A new dress code policy by Bier Markt has been scrapped, the CBC reports. This past October 5 the beer garden concept replaced gender-neutral uniforms at seven restaurants in Toronto, Ottawa, and Montreal with sexually suggestive outfits for female servers—a short, sleeveless blue dress, heels or boots, with no jackets, sweaters, or thick tights. Male servers were told they could don denim pants, and button-down shirts.
Tierney Angus, a server at a Bier Markt in Toronto, led the charge against the dress code policy: "I was upset that I had to squeeze my body into something that small. The material is almost bathing suit-like. It is very tight, very skimpy.

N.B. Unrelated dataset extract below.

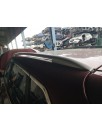 Recambio de barras techo para nissan qashqai ii suv (j11, j11_) 1.3 dig-t referencia OEM IAM   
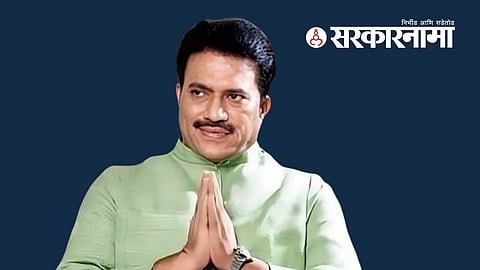 Shashikant Shinde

I went up a size and my boyfriend commented he could see my tailbone through it." Angus divulged to reporter Rosa Marchitelli that after more than 40 female Bier Market employees filed complaints with parent company Cara Operations, they were sent this response: "The uniforms were based on our brand and industry standards and are not intended to sexualize team members or to discriminate."

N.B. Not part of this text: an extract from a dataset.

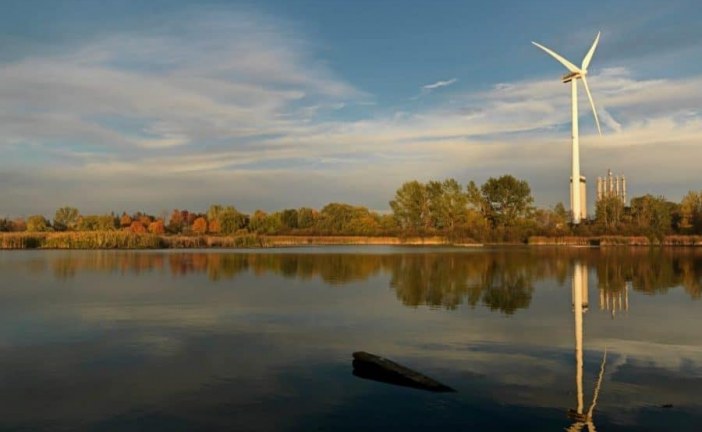 Wind energy’s role in an increasingly sophisticated electricity grid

Management insisted to the CBC that the uniforms were selected to reflect Bier Markt's "stylish image", but felt sufficiently pressured to reverse the company's stance on the dress code. The result: Bier Markt's mandated male uniform is now unisex. Probably a wise move on Cara's part, and not just to mitigate a PR disaster. Employment lawyer Barbara Green, whom Angus hired, told the CBC that the company's dress code may have run afoul of the Ontario Human Rights Code. "Women's bodies shouldn't be used to sell burgers and beer at restaurants. It's completely inappropriate."